(Reuters) -England's Rugby Football Union (RFU) on Friday apologised after its new low tackle guidelines were met with widespread criticism, adding it would conduct workshops with volunteers, players, coaches and match officials to explain the proposals.
The RFU announced last week that tackling above the waist will be banned in community rugby matches from next season to reduce head impact exposure and concussion risk.
The move, made amid increasing concerns about how head impact exposure and concussions affect players' health, would affect English clubs in divisions below the Premiership, Championship and Premier 15s.
"The RFU Board, Council and executive staff apologise for the anger and concern that has been created among the rugby community...," the RFU said in a statement.

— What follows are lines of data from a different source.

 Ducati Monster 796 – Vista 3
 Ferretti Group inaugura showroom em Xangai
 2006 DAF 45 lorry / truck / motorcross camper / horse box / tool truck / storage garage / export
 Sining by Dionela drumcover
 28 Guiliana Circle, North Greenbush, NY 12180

"In our desire to act quickly to reduce head impacts and concussions in the community game, which represents 99% of the rugby playing population in England, we have upset many of you who are the champions, volunteers, and ambassadors of our game.
"We fully acknowledge we got the engagement wrong, and we are truly sorry."

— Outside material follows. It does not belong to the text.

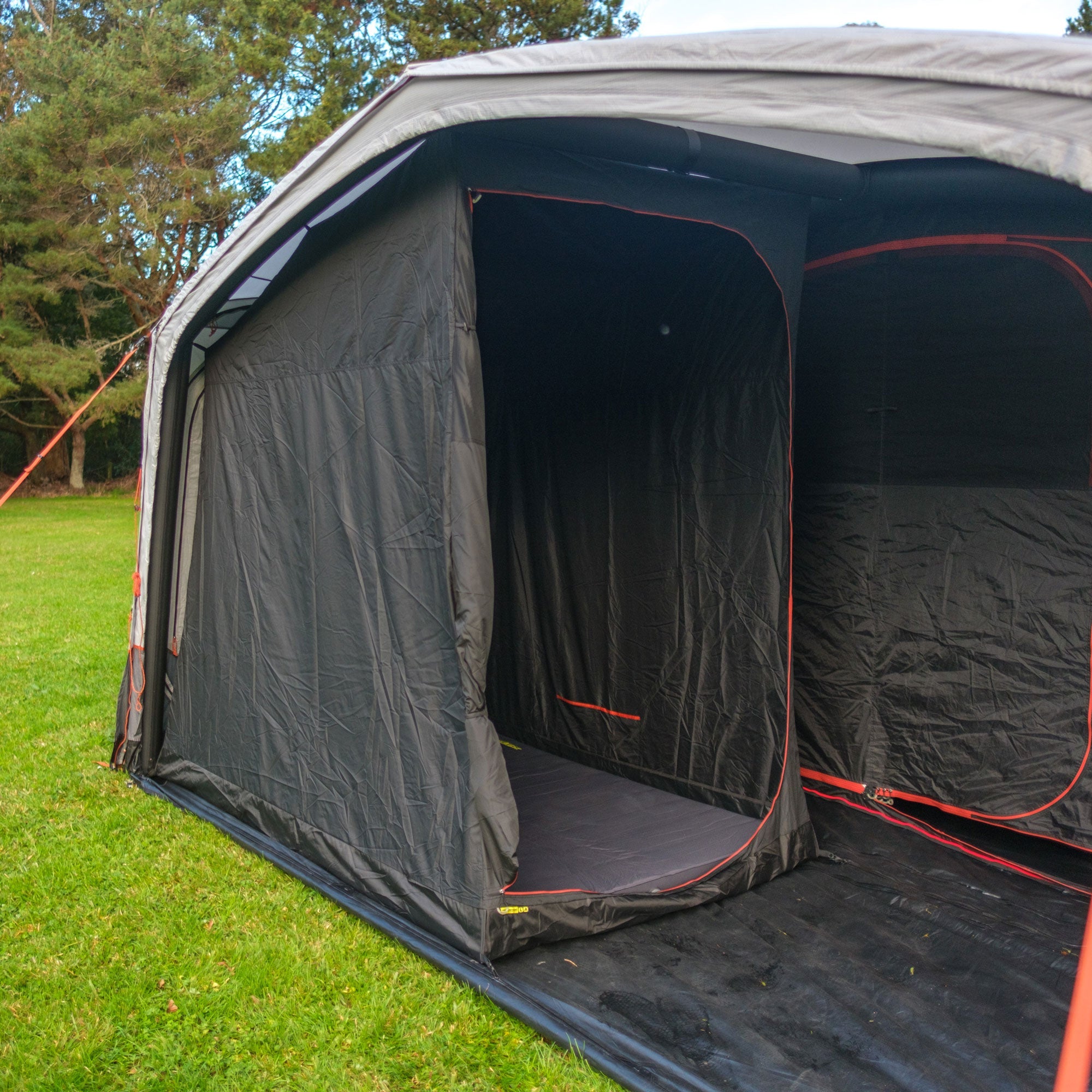 Zempire Shapeshifter 6 Bedroom Pod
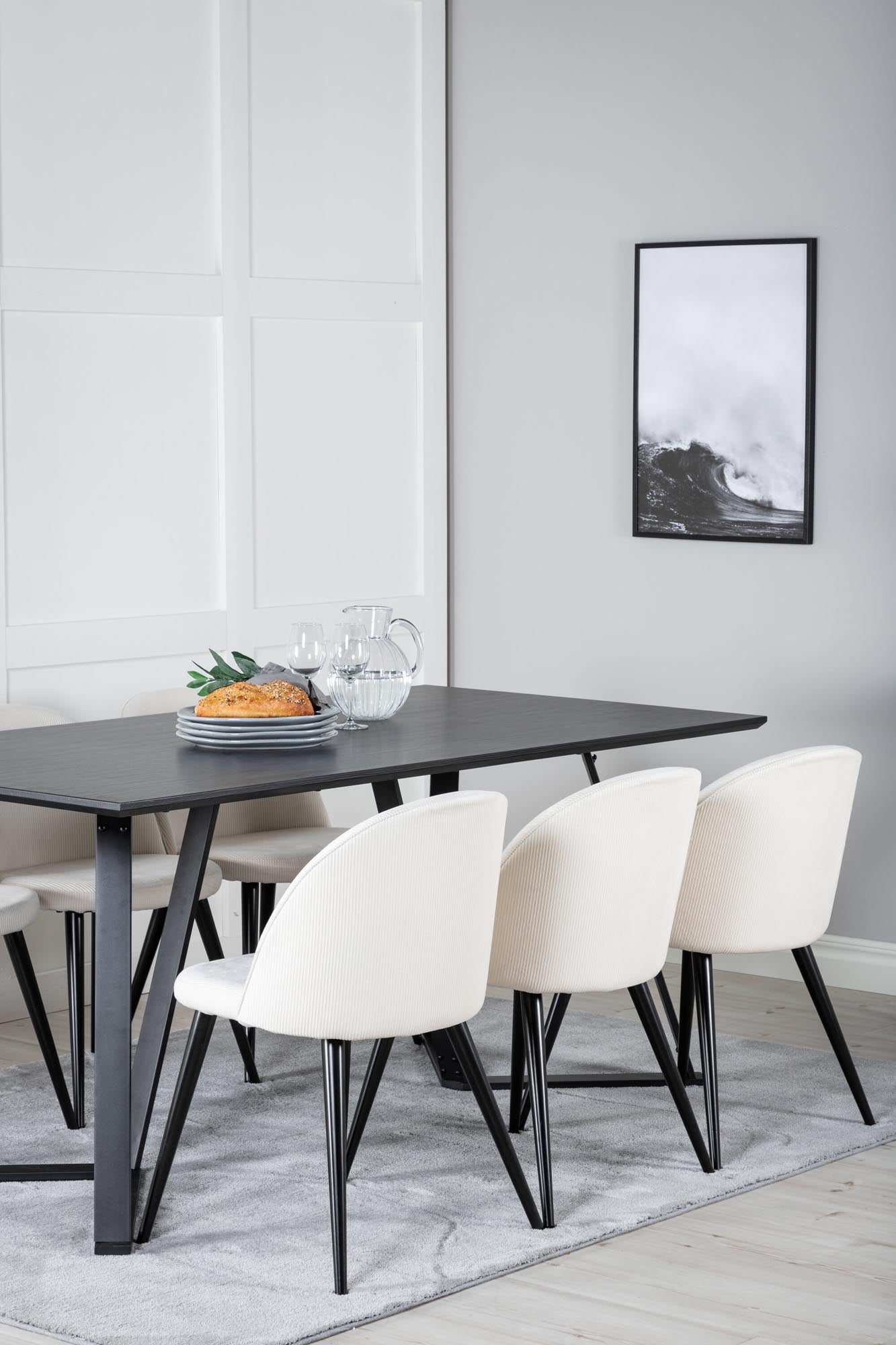 Entdecken Sie das Marina Esszimmerset Velvet von Venture Home – ein elegantes 180 cm Set für 6 Personen, das Komfort und Stil vereint.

Earlier this week, Ireland head coach Andy Farrell said the proposals could leave players "sitting ducks," while Gloucester head coach George Skivington said: "I don't think it's smart."
Ireland flyhalf Jonny Sexton, speaking at the Six Nations launch on Monday, said the rule change may actually increase the number of concussions in the sport.

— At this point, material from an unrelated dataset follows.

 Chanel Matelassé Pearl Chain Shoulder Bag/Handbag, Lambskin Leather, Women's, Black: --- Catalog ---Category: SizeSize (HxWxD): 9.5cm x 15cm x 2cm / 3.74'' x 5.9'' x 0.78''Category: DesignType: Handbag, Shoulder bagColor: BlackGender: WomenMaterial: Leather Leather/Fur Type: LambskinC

The RFU said the wording they had used to explain the proposals mirrored that of a similar move in France and acknowledged that it had "caused misunderstanding and confusion."
"We would now like the game to help us define how we describe a lower tackle height to reflect what the research is telling us in a way that is understood by all," the governing body said.
"Consequently, the risk of head injuries should be reduced if tackling below that optimum height.
"We will now begin a series of forums and workshops with players, coaches, match officials and volunteers, to explain and develop the details of the domestic law variation."
The RFU's apology also included details of "scientific evidence" which states that the risk of head injury and concussion can be reduced by lowering tackle height.
Groups of amateur and ex-professional players have brought claims against rugby bodies alleging they negligently failed to protect them from concussion and non-concussion injuries that caused various neurological disorders.
World Rugby chief executive Alan Gilpin said the governing body intends to lower the legal tackling height at elite level worldwide in the coming years to reduce the risk of head injuries in the sport.